Однако режиссер Джулиано ди Капуа и его актеры не довольствуются "правдой документа". На этом материале они сочинили изощренный виртуозный театральный текст. Сценограф Сергей Гусев выстроил в зальчике "Борея" комнату какого–нибудь разночинца или курсистки: стол, простенькие венские стулья, сбоку самовар, наряженная елка, позади дверной проем, закрытый портьерой.
Казалось бы, бытовой натурализм с чаем и мандаринами предполагает такую же кинематографически достоверную игру, тем более что зритель буквально в полуметре. Однако играют в остро театральной манере. Монологи Веры Фигнер, Степняка–Кравчинского, Кибальчича, Гриневицкого, Засулич, Перовской и других превращены в жестокий романс или в речитатив в сопровождении трех квазимексиканских гитаристов, в балаганное представление с Петрушкой, в поток горячечного захлебывающегося гаерски–глумливого почти что бреда, они сопровождают раздумчивое застолье, положены на изящное (но и опасное — пламя спички вот–вот опалит пальцы) зажигание свечек на елке, кто–то может в ярости вскочить на стол, а вот гаснет лампа под уютным абажуром, и во мраке фонарик выхватывает лица, луч дрожит, создавая нервное мелькание…
Илона Маркарова — актриса в Петербурге известная, и про нее известно, что актриса она хорошая. А вот про Игоря Устиновича, Павла Михайлова и Александра Кошкидько, к стыду своему, не знал. Кинулся узнавать: учились они бог весть где, заняты во всяких независимых проектах.
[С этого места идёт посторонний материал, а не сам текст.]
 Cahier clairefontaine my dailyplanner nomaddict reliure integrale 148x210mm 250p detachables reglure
Кошкидько, кстати, как оказалось, я видел в паре спектаклей Театра на Литейном, да не запомнил. После "Жизни за царя" не запомнить их и не узнавать потом — нельзя. Судя по всему, ди Капуа унаследовал талант своего учителя — выдающегося педагога Вениамина Фильштинского: разглядеть и раскрыть способности.
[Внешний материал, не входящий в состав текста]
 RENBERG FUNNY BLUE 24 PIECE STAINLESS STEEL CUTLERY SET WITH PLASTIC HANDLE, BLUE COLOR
Обычный театр все больше утрачивает связи с действительностью, с временем, протекающим за его стенами. А театр документальный, политизированный и т. п. чаще всего предлагает пусть ярко публицистическое, но мало художественное высказывание. Тем дороже редкое соединение в одном спектакле животрепещуще актуального содержания с творчески полноценной формой.